Sobreveio, então, a MP 886, que alterou justamente a mesma lei para reincluir na norma a previsão que havia sido rejeitada pelo Congresso, o que fere ditames da Constituição em seu artigo 62, parágrafo 10,  que impede a reedição, na mesma sessão legislativa, de medida provisória que tenha sido rejeitada ou que tenha perdido a sua eficácia por decurso de prazo.

Observa-se assim o vigor da teoria Kelsiniana em atribuir a CFRB/88 poder máximo perante outras normas em conjunto das ideias de Aristóteles ratificadas por Montesquieu sobre a importância da tripartição de poderes, pois caso mantido o autoritarismo não há de se falar em modulação e sim em absolutismo.

Além do caráter explícito da norma constitucional, lembrou precedente recente da ministra Rosa Weber em que se firmou a tese de que “é inconstitucional MP ou lei decorrente de medida provisória cujo conteúdo normativo caracterize a reedição na mesma sessão legislativa de medida provisória anterior rejeitada”.

A ministra Cármen Lúcia cumprimentou o presidente do STF, Dias Toffoli, por incluir a matéria já na primeira sessão de abertura do semestre judiciário e lembrou que, apesar de se tratar de reedição de medida provisória, o tema é importante para a sociedade brasileira. “Se a cautelar não fosse dada pelo ministro Barroso, teria gerado enormes dificuldades quando, no dia 27 de Julho de 2019, houve gravíssimo problema no Amapá com índios em terra demarcada sendo afrontadas – inclusive com morte de um cacique.

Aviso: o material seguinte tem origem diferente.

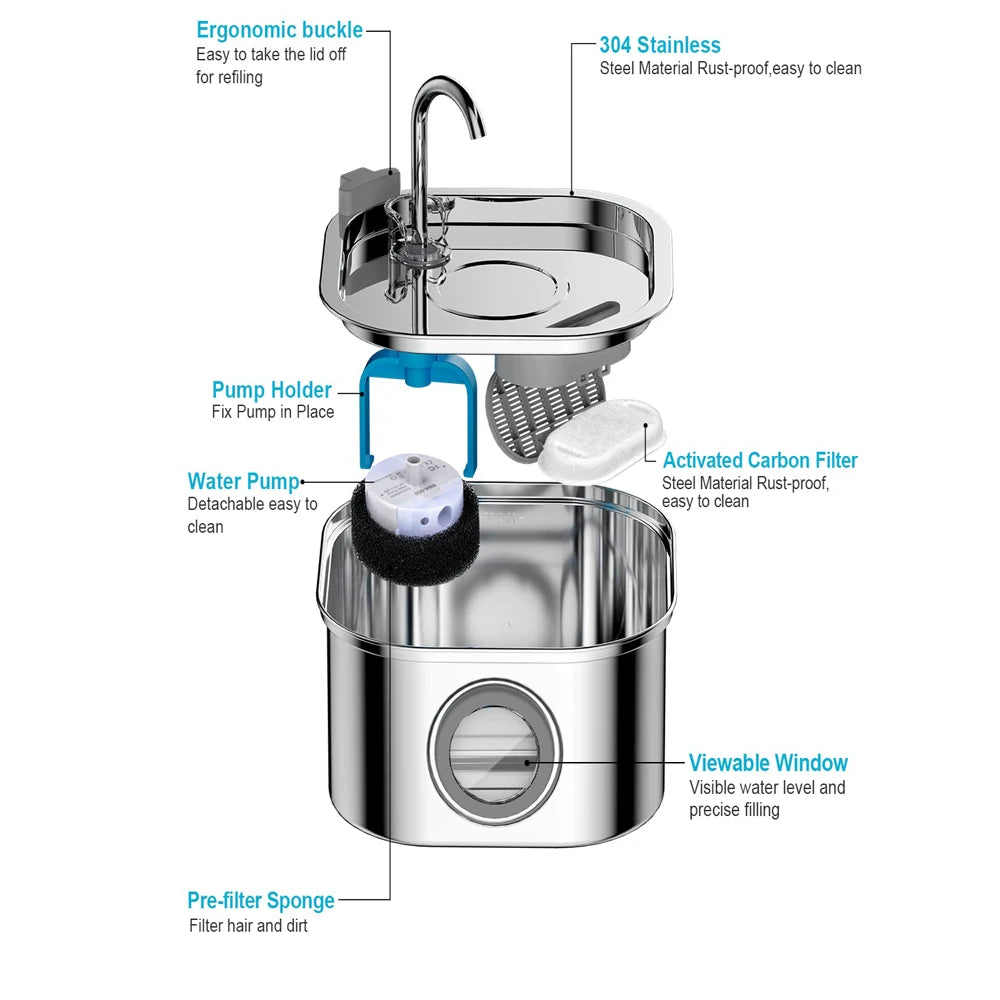 Stainless Steel Automatic Cat Water Fountain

A dificuldade estava em qual seria o órgão responsável para tratar de matéria, uma vez que só se entra em terra demarcada com a Força Nacional ou com autorização judicial. A inclusão do órgão responsável por essa matéria não é só a estrutura administrativa”,

O decano, ministro Celso de Mello, relembrou a ADI 293, da qual foi relator. Nesse julgamento da década de 1990, o ministro Paulo Brossard inicia seu voto com perguntas retóricas: “A Constituição está acima das medidas provisórias? Ou as MPs acima da Constituição? A Constituição não passa de ornamento, a ser exposto nos dias tranquilos e amenos? Ou a Constituição é um instrumento de governo a ser cumprido e a ser respeitado dia a dia, sejam pacíficos ou tormentosos os tempos e tanto mais necessário quanto maior a borrasca.”

Para o decano, a reedição de MP expressamente rejeitada pelo Congresso Nacional no curso da mesma sessão legislativa traduz “inaceitável afronta à autoridade suprema da Constituição Federal”. Representa “inadmissível e perigosa transgressão ao princípio fundamental de separação de poderes, consagrada no artigo 2º da CF”.

Para este o comportamento do atual presidente, revelado na atual edição de MP rejeitada pelo Congresso no curso da mesma sessão legislativa, traduz uma clara e inaceitável transgressão à autoridade suprema da Constituição Federal e uma inadmissível e perigosa transgressão ao princípio fundamental da separação de poderes. É preciso repelir qualquer ensaio de controle hegemônico do aparelho de Estado por um dos poderes da República.

Considerações Finais

Este trabalho tentou por em evidência que mesmo passado longícuos séculos em que o Absolutismo se tolerava como forma impugente de poder o atual mantro da democracia se encontra em constantes ataques. É fundamental a importância da modulação de normas entre os três poderes vistos através do sistema de freios e contrapesos para que as garantias de um Estado democrático de Direito viverem sempre  em respeito e a manter a ordem visando o progresso sem dar exôdo a direitos fundamentais e por conseguinte a Constituição Federal se mantenha legitima como autoridade suprema. A época de poderes ilimitados e do autoritarismo devem ser um aprendizado para que não sejam repetidos sob o risco de avanços estarem perdidos.